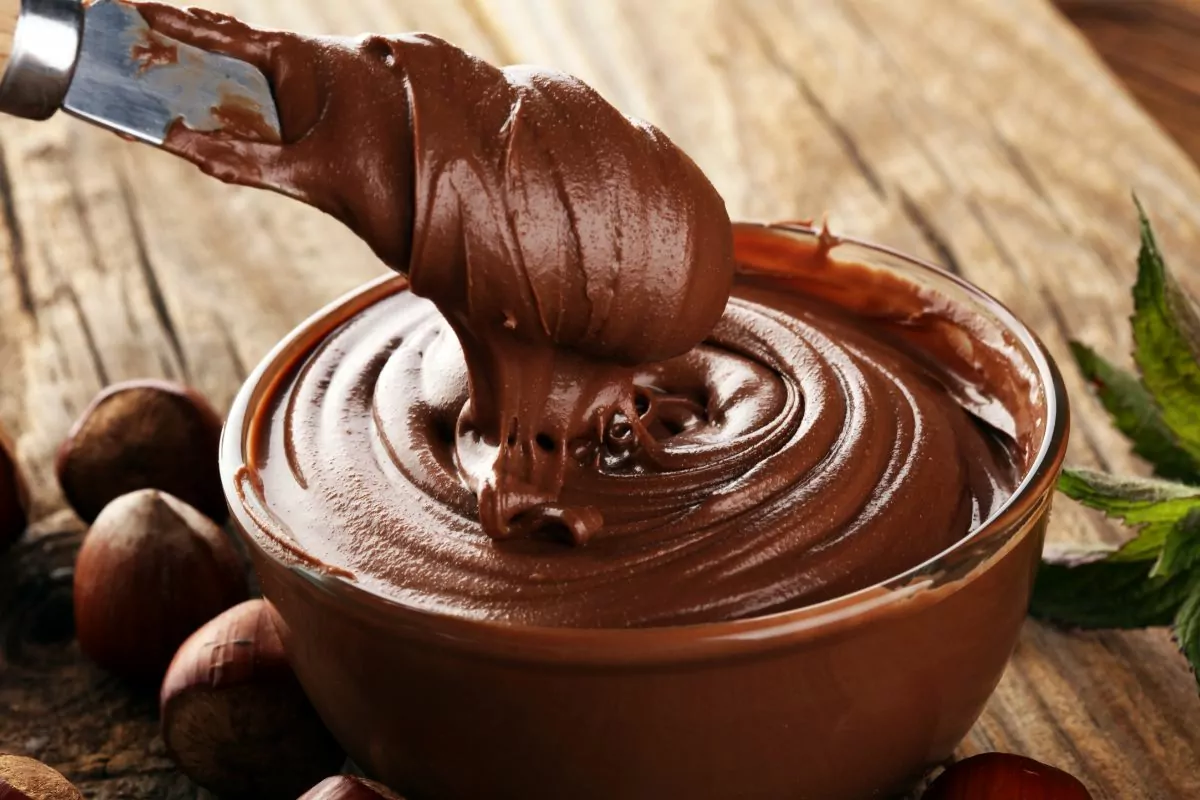 How To Make A Vegan Hazelnut Chocolate Spread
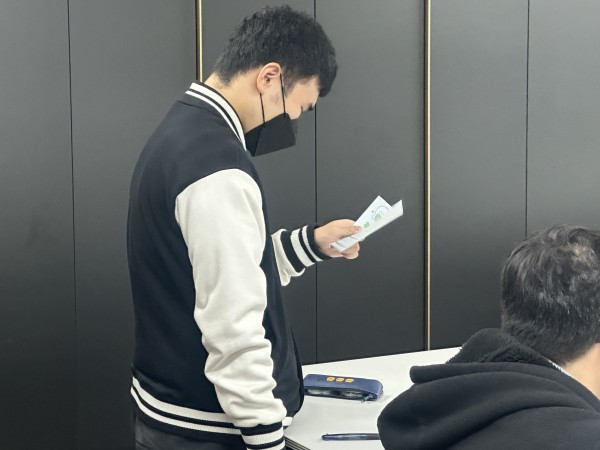 인권을 위해 할 수 있는 일에 대해 발표하고 있는 모습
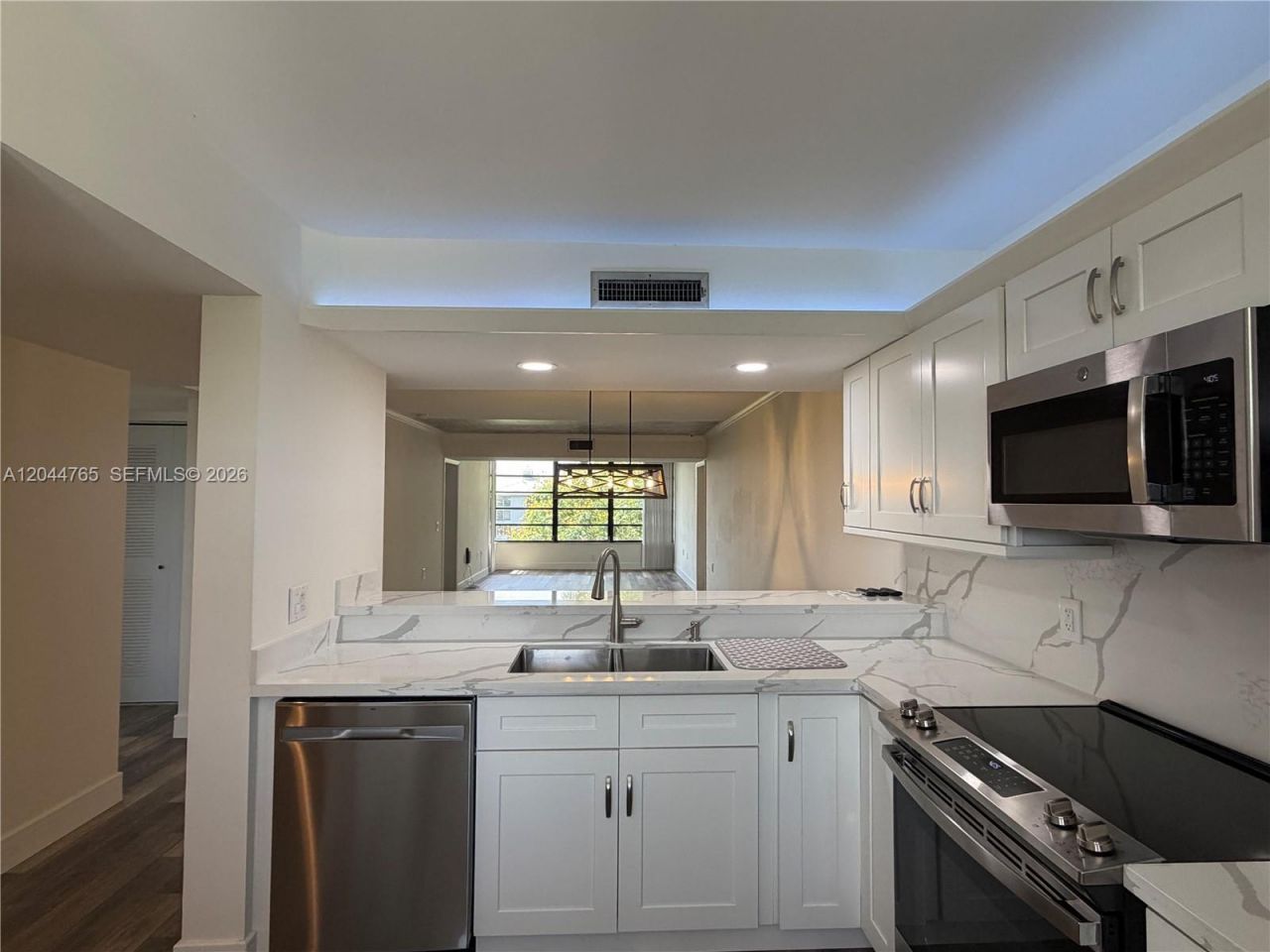 1705 Whitehall Dr, Unit 403, Davie, FL 33324 Photo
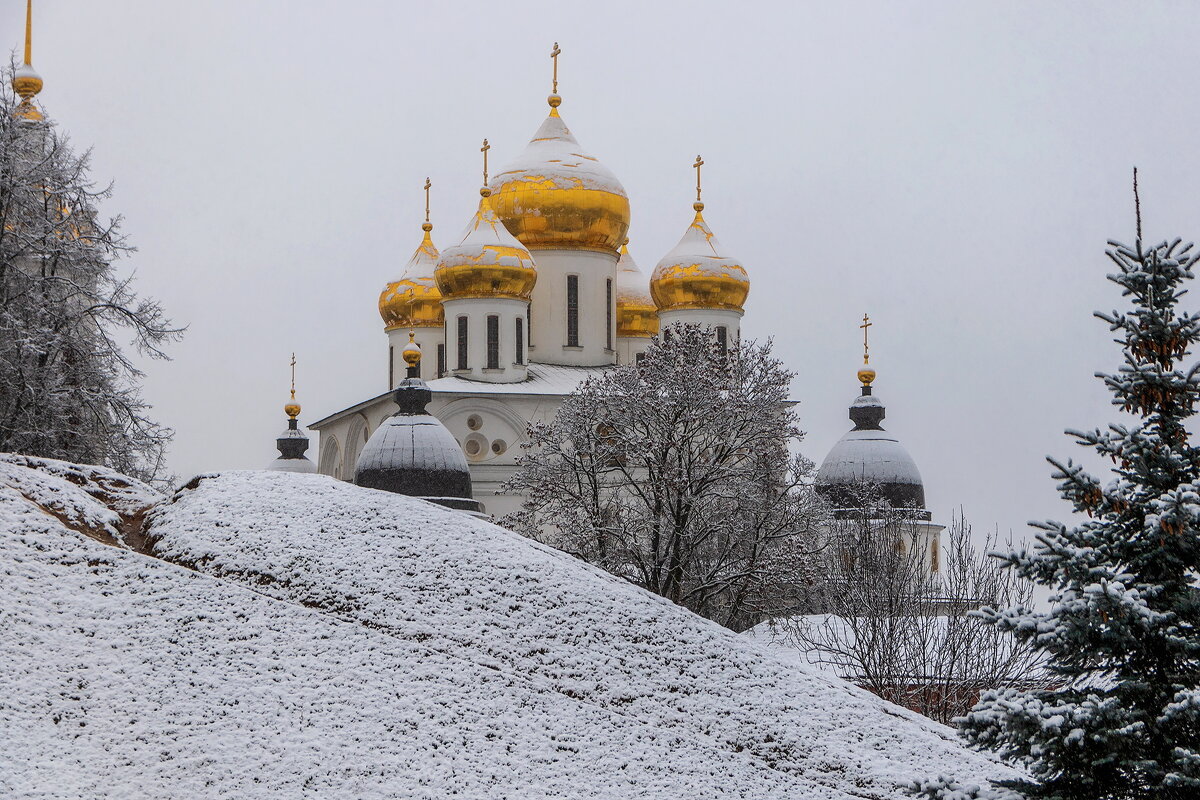 Успенский Собор под первым снегом. - Анатолий. Chesnavik. Успенский Собор под первым снегом. - Анатолий. Chesnavik.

● **Try it**
The task calls for repeating each line above exactly while excluding the pictures.

● **Task answer**
 How To Make A Vegan Hazelnut Chocolate Spread
 인권을 위해 할 수 있는 일에 대해 발표하고 있는 모습
 1705 Whitehall Dr, Unit 403, Davie, FL 33324 Photo
 Успенский Собор под первым снегом. - Анатолий. Chesnavik. Успенский Собор под первым снегом. - Анатолий. Chesnavik.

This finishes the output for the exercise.